2009年、三原邦彦は東京・赤坂の豊川稲荷で座禅を組んでいた。迫りくる経営危機を前に、心を落ち着かせるためであった。
戦の神様である毘沙門天の像を拝み「今ある課題は、自分が乗り越えられるものしかないはずだ」と自らに言い聞かせた。
08年秋のリーマンショックから始まった世界同時不況は人材派遣業を直撃。社会人経験のある主婦をパートタイム型で企業に派遣していた、三原の会社も例外ではなかった。
翌年に入ると契約が次々と切れていった。6月まで売り上げが下がり続け、前月より30%も大幅ダウンする月もあった。

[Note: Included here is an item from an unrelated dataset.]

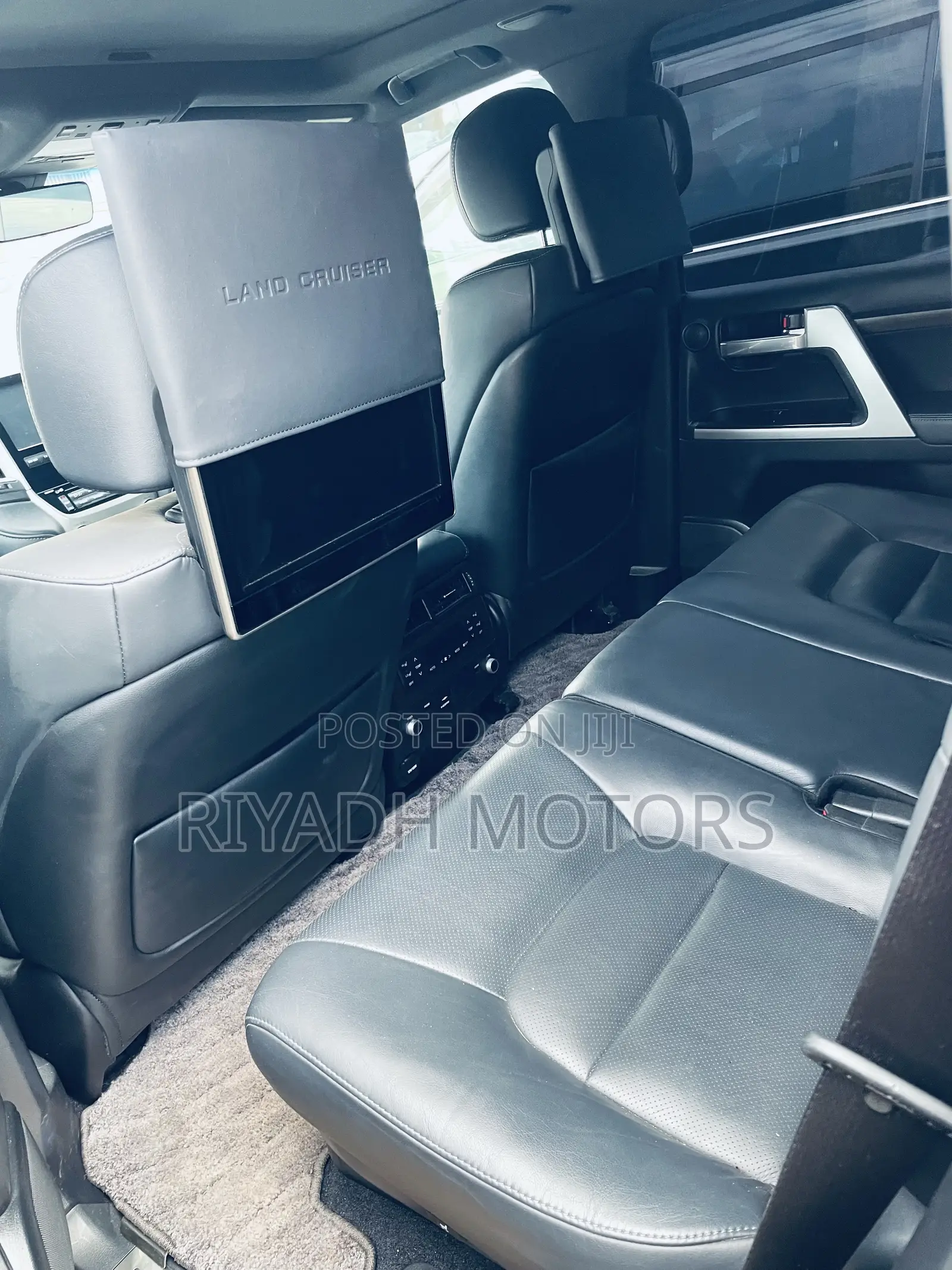 Toyota Land Cruiser 2019 White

当然、09年6月期の決算は赤字。2期連続で赤字に陥れば銀行から手を引かれてしまいかねない。財務体質の悪化が続けば、人材派遣業の免許そのものが奪われてしまう恐れもあった。
三原は苦渋の決断を下した。経営陣の報酬を半分にカット、当時のパート職員約50人に退職勧告をした。経費を1円でも切り詰めようと文具を1カ所に集めて管理し、ボールペンの替え芯一つまで簡単に認めなかった。賃料の値下げ交渉も行った。結果、販売管理費を4割下げた。それも社員全員を残そうと決めていたからだ。
もともと三原は「経営者の説明責任」を大事にしていた。月1回は必ず経営指標を全職員に公開。苦しいときも懐事情を隠すことはしなかった。社員も当事者意識を持って仕事に当たったことで、業務の効率は向上し、人材の流出も防いだ。
景況感が回復するにつれ契約も戻り、翌10年6月期には過去最高益を記録、11年夏には決算賞与を出すことまでできた。
三原は「土俵際に追い詰められたときこそ目の前の事業に集中することが大事だった。厳しい中をくぐり抜けた社員が残ってくれたことで業績の急回復につながった」と言う。